== What the task asks ==
Restate exactly the lines below, from the one containing "NIKE 耐克男女低幫休閑板鞋DUNK輕盈緩震運(yùn)動(dòng)小白鞋時(shí)尚滑板鞋大童 曬單實(shí)拍圖" through the final line, and leave out the pictures.
BEGIN Data provided
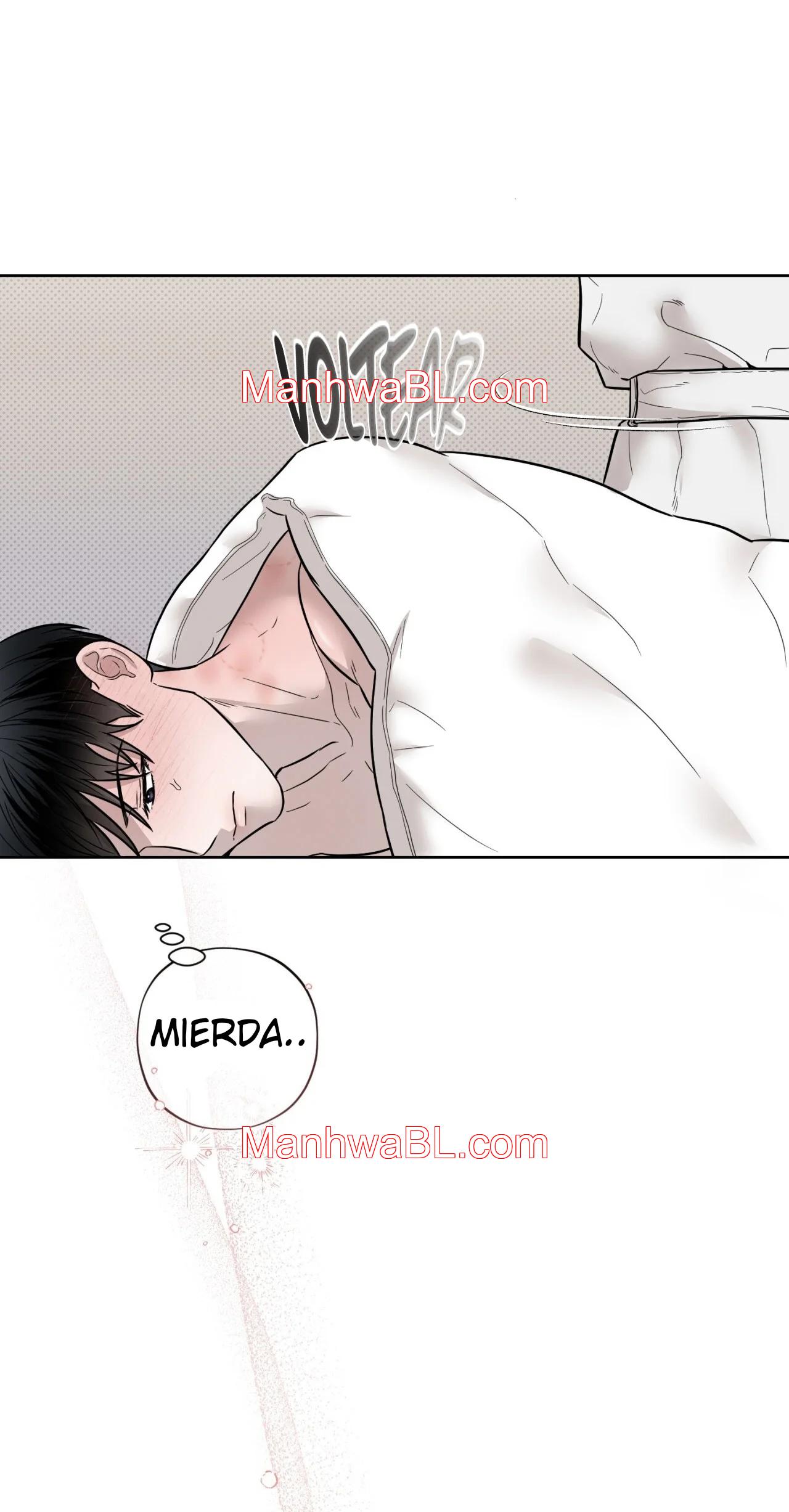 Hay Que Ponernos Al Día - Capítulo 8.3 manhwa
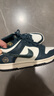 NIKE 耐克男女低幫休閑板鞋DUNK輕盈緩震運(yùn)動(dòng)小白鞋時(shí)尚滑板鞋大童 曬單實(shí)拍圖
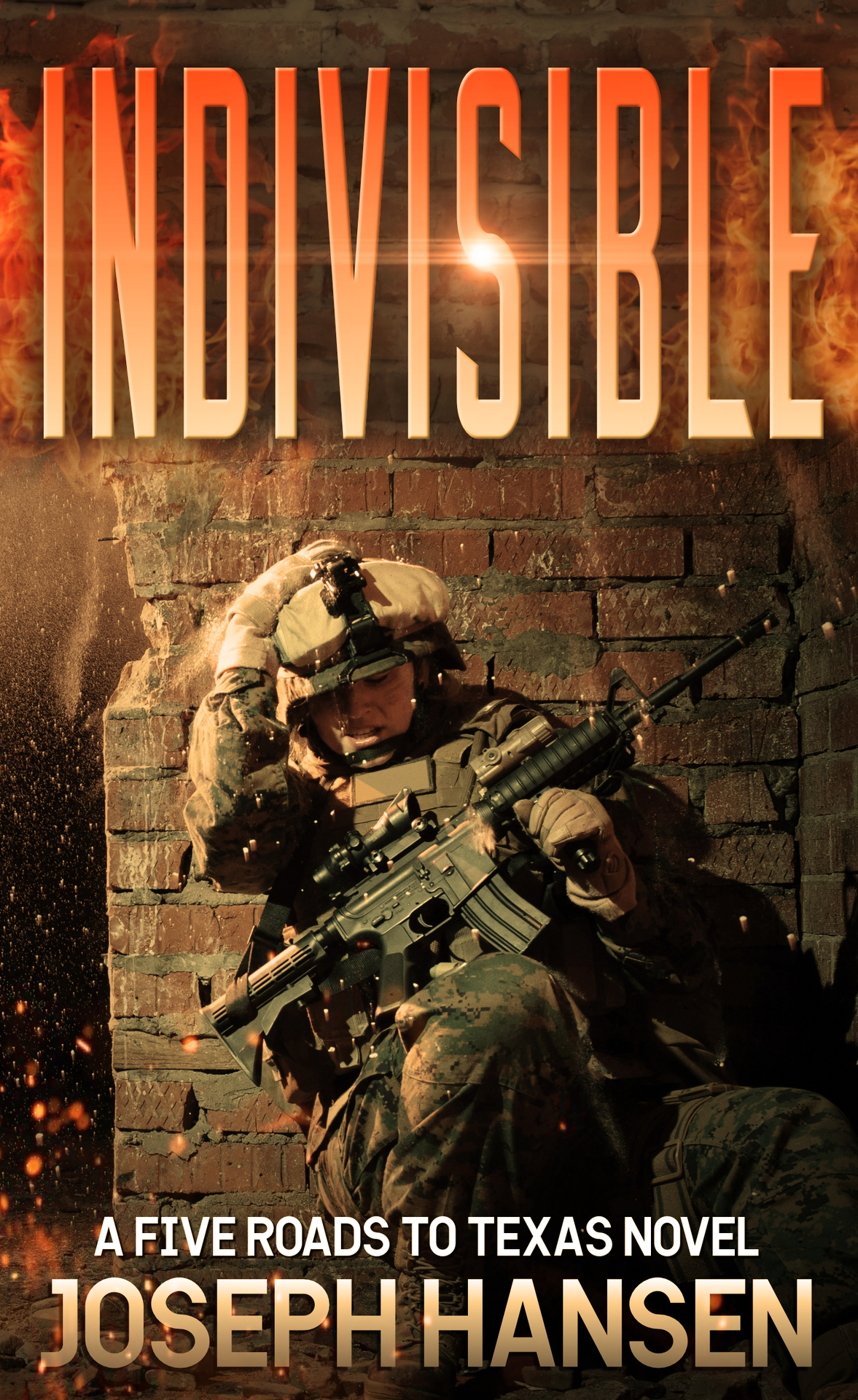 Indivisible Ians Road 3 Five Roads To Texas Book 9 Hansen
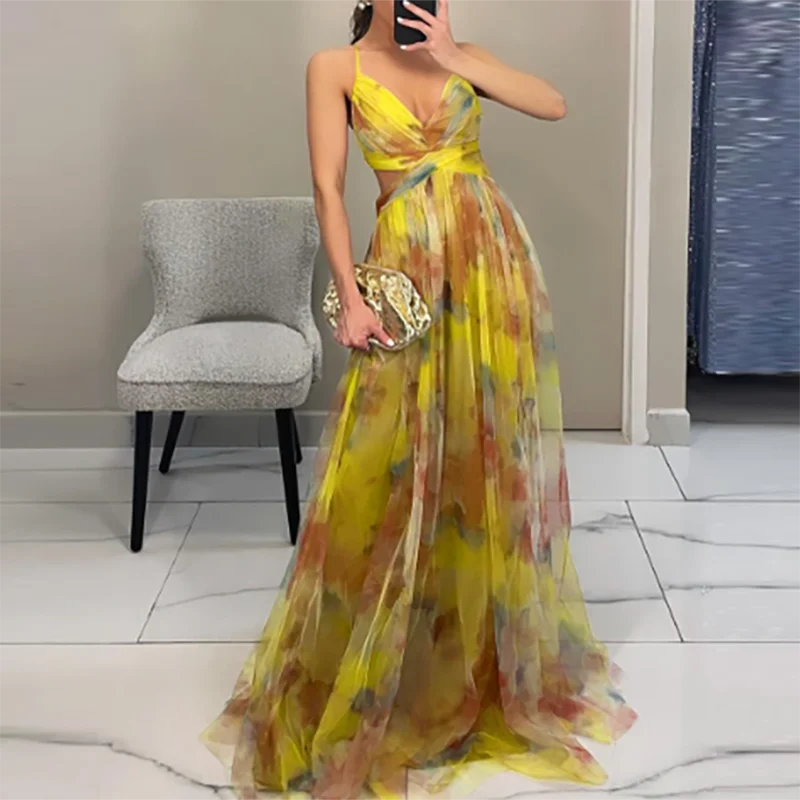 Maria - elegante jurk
END Data provided
== Exercise output ==
 NIKE 耐克男女低幫休閑板鞋DUNK輕盈緩震運(yùn)動(dòng)小白鞋時(shí)尚滑板鞋大童 曬單實(shí)拍圖
 Indivisible Ians Road 3 Five Roads To Texas Book 9 Hansen
 Maria - elegante jurk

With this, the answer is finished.